I spent a fair bit of time alone, and bored, while growing up (I was born in the late 70s, so this was primarily in the 80s). I felt it helped me to get comfortable with my own thoughts and to be able to think for myself.
It is of course difficult, on the basis of memory and introspection, to tell how much it helped in that regard.
I'm not saying that being alone will help someone get comfortable with their thoughts and be able to think for themselves. It just seems like it can be conducive to that.
> "Every person needs to learn from childhood how to spend time with oneself. That doesn’t mean he should be lonely, but that he shouldn’t grow bored with himself."
This is something that has helped me a lot. Some of the best creative ideas and stuff I came up as a young person were due to my spending this time on self-learning and trying to do something or the other. Learnt never to get bored just being with myself.
And to this day whenever I am alone, either I put myself in a learning/exploring/thinking mode; or I work on doing something creative/practical. There's no passive mode.
I think the key to not getting bored alone and spend this 'me time' in some meaningful way is to actively engage oneself instead of passively passing the time.
The problem with being very comfortable being alone is that there’s not actually a lot of opportunity for it once you have a family, then it’s quite stifling and builds frustration over time.
I guess like everything, healthy moderation is needed. But when you’re truly comfortable being alone for long periods of time it’s like opium- and I don’t mean that in a sardonic way; it’s addictive, peaceful, free and makes you start to resent lack of control.
Yes, it can be stifling at times when you yearn to be alone and have other pressing/family needs.
I try to work out my priorities in time and 'am able to clearly communicate with my spouse and children that I need some time out to think/sort/do stuff. Luckily it works most of the time.
I can relate to this so much. Spending time alone feels like recharging my social battery. There is a weird contradiction I enjoy being around people, but at the same time long to be alone and enjoy the solitude. Now with kids, social obligations and a plethora of distractions these moments alone get fewer and fewer by the day.
Reminds me of a complementarity I sometimes see between being in society, which allows to share, collaborate, etc., and being in solitude, which allows to think, contemplate, etc., and of a south american indigenous tribe I forgot the name of, where the elders somehow transcend this opposition: for important deliberations, they gather in a dark hut and whisper their views, for those who speak not to be
identified, as if they formed a single mind.

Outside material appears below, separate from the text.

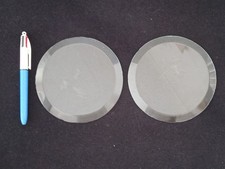 2 Verres Biseautés pour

I would appreciate if anyone could remind me the name of this tribe.
With Stalker I turn to Fellini - I don't like the idea of "understanding" a film. I don't believe that rational understanding is an essential element in the reception of any work of art. Either a film has something to say to you or it hasn't. If you are moved by it, you don't need to have it explained to you. If not, no explanation can make you moved by it. That's why I don't think my films are misunderstood when they are accepted for different reasons. Every person has his own fund of experiences and emotions which he brings to bear on every new experience-whether it is to his view of a film or to a love affair; and it is simply the combination of the film with the reality already existing in each person which creates the final impression of unity. As I was saying, this is the way the spectator participates in the process of creation. This diversity of reaction doesn't mean that the objective reality of the film has been misunderstood. Anyway, there is no objective reality in my films, any more than there is in life.